I suppose this is one of those "he who fails to plan, plans to fail" moments


----------



## GeorgeC (Jul 30, 2008)

There are clamps that are designed to hold boards of this configuration. The look like a "U".

However, I would probably use an air gun shooting very small brads. These make such a small hole that a tiny amount of filler will fill the hole and not show.

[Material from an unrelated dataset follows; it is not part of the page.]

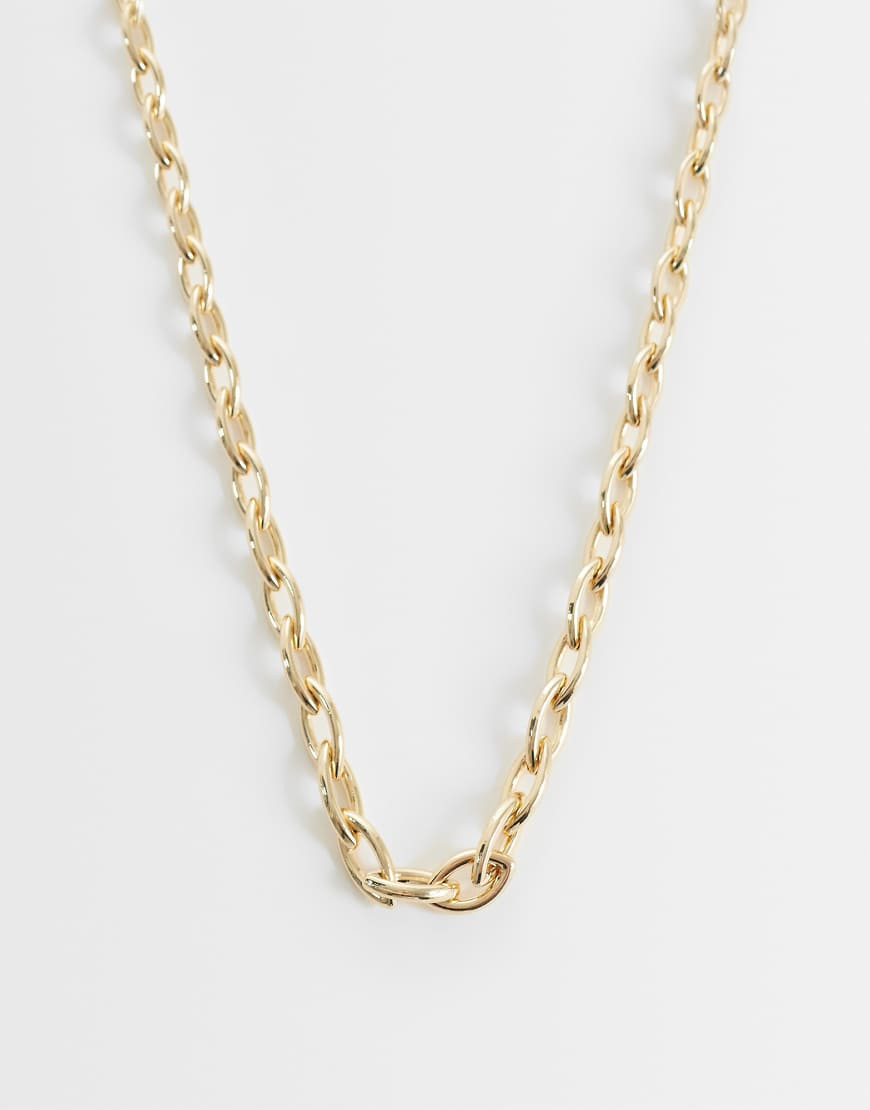 ASOS DESIGN oval link chain necklace in gold | ASOS (Global)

Clamps you will probably have to buy. An air compressor you can probably rent.

G


----------



## Geoguy (Feb 22, 2008)

Here's another frame clamp from Woodcraft ( I think it's $18) but I would also recommend a brad nailer or pin nailer (pin nailer uses 23 gauge fasteners).


----------



## cabinetman (Jul 5, 2007)

If you don't want to use a fastener, a clamp like this will work.


----------



## clampman (Oct 20, 2006)

I have used both those clamps. The ones Cabinetman linked to work pretty well, but you would need a great many for your job. You will also need to cushion between the plywood and the opposing clamping screws or you will get dents in the plywood.The other clamps are primarily for butt joined face frame corners which pocket screws made obsolete for the most part in my opinion. They will work for that, but it will be a huge chore to get the u-shaped padded binding end of the clamp apart to remove them after the face frames are on.

Neither will work for your bottom rail down on the floor, and I would pull the unit off the wall. 

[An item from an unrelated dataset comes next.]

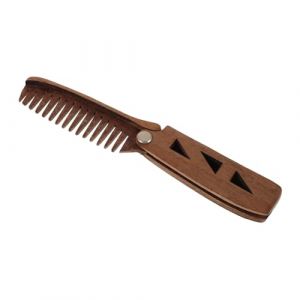 Healeved Peigne À Barbe Pliable En Bois Pour Homme Brosse À Cheveux Outil De Coiffure Peigne Avec Housse De En Pu Pour Les Voyages (Accompany JY, neuf)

In the future, you might think about installing the faceframes before putting the backs on. It makes gluing the faceframes much, much easier and better since you can position clamps where they are needed. It is also easier on glue cleanup since you can see and get to the glue from the back.


----------



## scribbles (Mar 2, 2009)

Lots and Lots of masking tape. If you boxes are nice and flat, and square, you do not need much pressure. #1 reason joints fail is bad jointing not lack of pressure. Just line everything up, spread the glue well and use the tan 1" masking tape, not the blue stuff, the tan stuff will stretch. Let it dry overnight and you will be good to go it will never break. If you can not get an area to suck up a nail will hold that trouble spot. But you should not need it.


----------



## john5mt (Feb 27, 2009)

Well i think it turned out all right


----------



## john5mt (Feb 27, 2009)

Thanks for all your help and suggestions:thumbsup:


----------



## john5mt (Feb 27, 2009)

Just a note...it isnt completely done yet. I will post a pic when the drawer front, crown, base are in and it is loaded up with the customers crap.


----------



## beerdog (Mar 13, 2009)

What technique did you end up using?


----------